Cannabis en France
L’évolution de la lutte contre les stupéfiants en France : l’éclairage de la Cour des comptes
Dans un document de 90 pages intitulé « L’OFAST et les forces de sécurité intérieure affectées à la lutte contre les trafics de stupéfiants », la Cour des Comptes s’est penchée sur l’approche de la France en matière de lutte contre le trafic de stupéfiants.
Le rapport analyse l’ampleur et l’évolution du trafic de stupéfiants en France, en examinant les modes de consommation, les itinéraires de trafic et la sophistication des réseaux criminels. Il met en évidence les risques croissants associés aux stupéfiants, tels que l’augmentation de la violence, la corruption et l’émergence de substances plus dangereuses et tente d’adresser des recommandations pour améliorer lse performances de l’OFAST et des autres organismes chargés de l’application de la loi dans leurs efforts de lutte contre les drogues.
Que dit le document ?
Le rapport juge que la France est une cible privilégiée du trafic de stupéfiants en raison de sa situation géographique à proximité des grands centres de production (Amérique latine, Maghreb, Europe du Nord) et de ses importantes infrastructures de transport.
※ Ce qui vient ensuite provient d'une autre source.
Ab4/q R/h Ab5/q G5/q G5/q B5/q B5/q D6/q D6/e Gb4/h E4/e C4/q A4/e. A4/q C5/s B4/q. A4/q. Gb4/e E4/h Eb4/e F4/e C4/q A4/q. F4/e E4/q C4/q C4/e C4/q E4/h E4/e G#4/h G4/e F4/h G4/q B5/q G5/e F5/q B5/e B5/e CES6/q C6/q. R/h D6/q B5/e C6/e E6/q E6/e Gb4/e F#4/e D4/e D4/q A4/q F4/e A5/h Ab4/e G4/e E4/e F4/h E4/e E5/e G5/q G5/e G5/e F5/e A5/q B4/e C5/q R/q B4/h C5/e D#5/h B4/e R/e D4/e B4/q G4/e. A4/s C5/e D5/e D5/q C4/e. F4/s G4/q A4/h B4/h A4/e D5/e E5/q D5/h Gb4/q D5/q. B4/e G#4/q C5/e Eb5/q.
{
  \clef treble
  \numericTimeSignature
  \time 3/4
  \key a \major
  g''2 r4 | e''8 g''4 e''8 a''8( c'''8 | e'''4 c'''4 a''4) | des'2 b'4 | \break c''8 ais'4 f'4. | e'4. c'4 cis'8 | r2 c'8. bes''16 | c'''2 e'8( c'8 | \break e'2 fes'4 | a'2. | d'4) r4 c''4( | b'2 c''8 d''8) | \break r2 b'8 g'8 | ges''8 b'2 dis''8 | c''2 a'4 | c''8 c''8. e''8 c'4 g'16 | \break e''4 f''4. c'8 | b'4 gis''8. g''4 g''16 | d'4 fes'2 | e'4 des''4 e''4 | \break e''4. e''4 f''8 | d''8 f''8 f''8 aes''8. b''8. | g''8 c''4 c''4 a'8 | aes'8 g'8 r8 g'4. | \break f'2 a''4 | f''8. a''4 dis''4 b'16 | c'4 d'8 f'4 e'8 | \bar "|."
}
Le pays sert de marché de consommation, de zone de transit et de centre de redistribution. La montée en puissance des drogues de synthèse et des stupéfiants a aggravé la menace, les drogues restant abordables malgré des niveaux de pureté plus élevés.
Le cannabis domine toujours
Le cannabis reste la drogue illégale la plus consommée en France, avec près de 18 millions de personnes l’ayant expérimenté et 1,3 million de consommateurs réguliers en 2023. Son usage n’a cessé de croître, le taux d’expérimentation chez les adultes passant de 12,7% en 1992 à 50,4% en 2023, ce qui signifie qu’un adulte sur deux a expérimenté cette substance. Si la consommation chez les jeunes de 17 ans a légèrement baissé, l’usage du cannabis reste très répandu chez les plus jeunes, puisque plus de 30% des jeunes de 17 ans en ont déjà consommé.
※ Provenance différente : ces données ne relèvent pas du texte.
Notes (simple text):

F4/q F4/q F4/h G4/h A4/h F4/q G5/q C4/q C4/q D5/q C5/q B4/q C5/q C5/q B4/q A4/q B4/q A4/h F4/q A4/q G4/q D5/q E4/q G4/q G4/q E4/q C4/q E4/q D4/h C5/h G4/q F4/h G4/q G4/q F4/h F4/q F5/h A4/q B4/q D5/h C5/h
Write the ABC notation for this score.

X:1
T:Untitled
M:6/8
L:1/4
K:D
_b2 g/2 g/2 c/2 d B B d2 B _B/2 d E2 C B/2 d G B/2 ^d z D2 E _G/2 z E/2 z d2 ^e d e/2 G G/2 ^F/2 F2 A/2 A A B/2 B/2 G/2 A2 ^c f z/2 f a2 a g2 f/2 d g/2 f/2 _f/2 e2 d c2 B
Le marché du cannabis est florissant, avec une valeur estimée à 1,2 milliard d’euros en 2020, soit une augmentation de 72% entre 2010 et 2017. Cette croissance est due à l’évolution des modes de consommation, à l’émergence de produits de cannabis plus puissants et à l’augmentation de la prévalence de la culture domestique. La puissance des produits du cannabis a considérablement augmenté, les niveaux de THC (tétrahydrocannabinol) dans la résine saisie ayant plus que doublé au cours de la dernière décennie.
Évolution de la consommation et de la distribution
Le marché du cannabis est passé de points de vente traditionnels (par exemple, les dealers de rue ou les « points de vente ») à des systèmes en ligne et basés sur la livraison, à la manière des plateformes commerciales classiques, qui permettent aux consommateurs d’acheter discrètement du cannabis et de se faire livrer directement à domicile. Cela a facilité la normalisation de l’achat de cannabis dans toutes les classes sociales et dans toutes les zones géographiques, étendant sa portée aux zones rurales où l’accès était auparavant limité.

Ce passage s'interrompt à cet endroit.